La République du Congo affiche également une croissance marquée. Ses importations ont plus que quadruplé, passant de 11.239 tonnes en 2020 à 48.170 tonnes en 2024. Longtemps marginal dans la stratégie d’exportation brésilienne, le marché congolais s’impose désormais comme un débouché en forte expansion.

Ces évolutions traduisent une diversification des marchés africains ciblés par les exportateurs brésiliens, au-delà des destinations traditionnelles.

Vers un ralentissement en 2025 ?

La trajectoire ascendante pourrait toutefois connaître un infléchissement. Le 15 mai 2025, le Brésil a déclaré son premier cas de grippe aviaire dans un élevage commercial, suscitant de vives inquiétudes chez ses partenaires commerciaux. Plusieurs pays africains ont réagi par des mesures restrictives.

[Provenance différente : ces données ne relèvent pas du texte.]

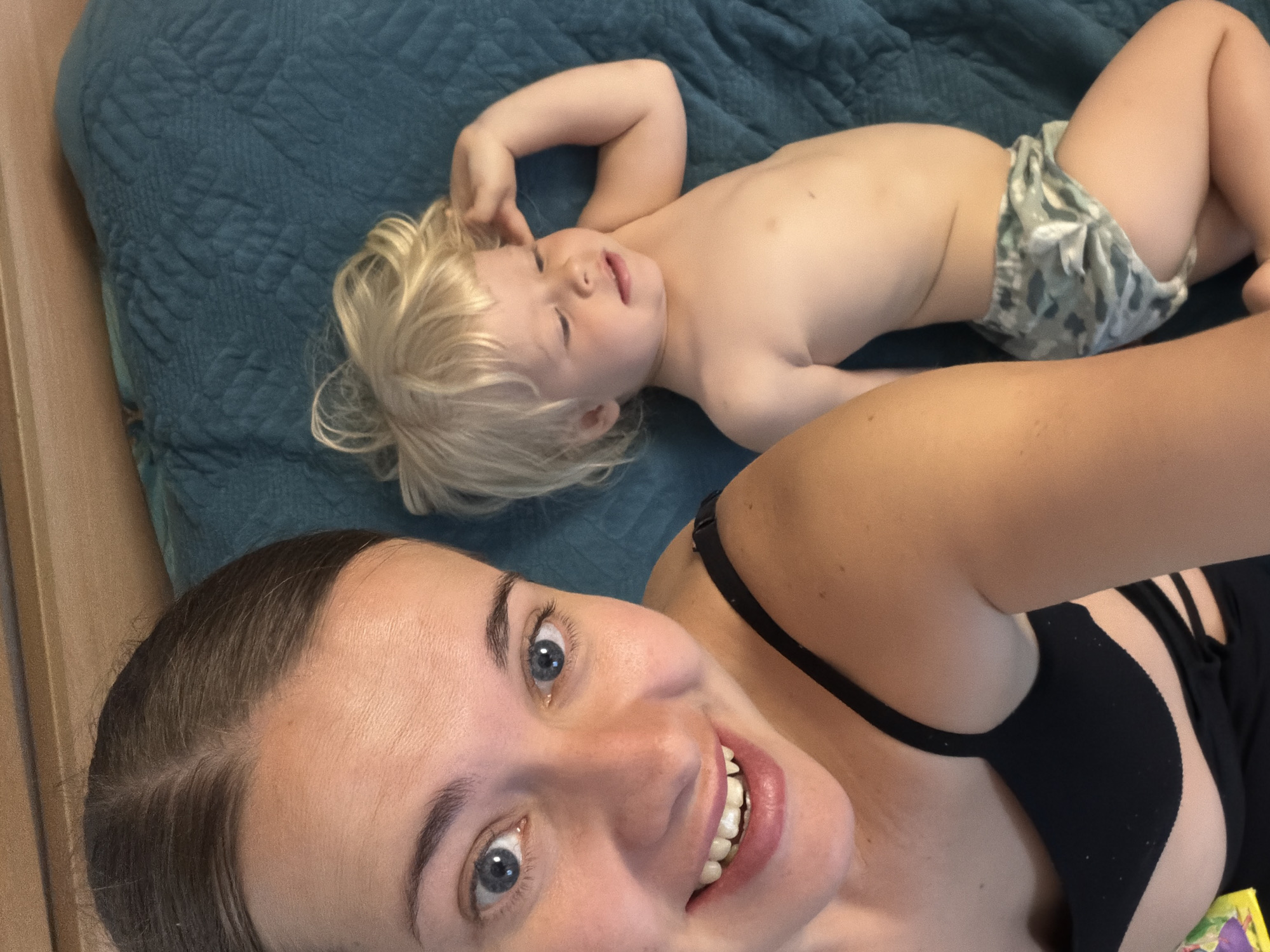 A selfie captures a woman with light skin, brown hair pulled back, blue eyes, and a smile exposing her teeth, lying down with a partially unclothed, blond-haired child on a teal-colored quilted surface. The child, wearing a diaper with a leaf pattern, is positioned behind and above the woman in the frame. The woman is wearing a black top. The location is unknown.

L’Afrique du Sud a notamment imposé une interdiction temporaire des importations de poulet brésilien, tandis que l’Angola a opté pour une restriction partielle. Les données complètes pour l’année 2025 n’étant pas encore disponibles, il faudra attendre la publication du rapport annuel 2026 de l’ABPA pour mesurer l’impact réel de cet épisode sanitaire sur les échanges entre le Brésil et l’Afrique.

Pour rappel, le continent africain constitue aujourd’hui le troisième débouché mondial du poulet brésilien, derrière l’Asie et le Moyen-Orient.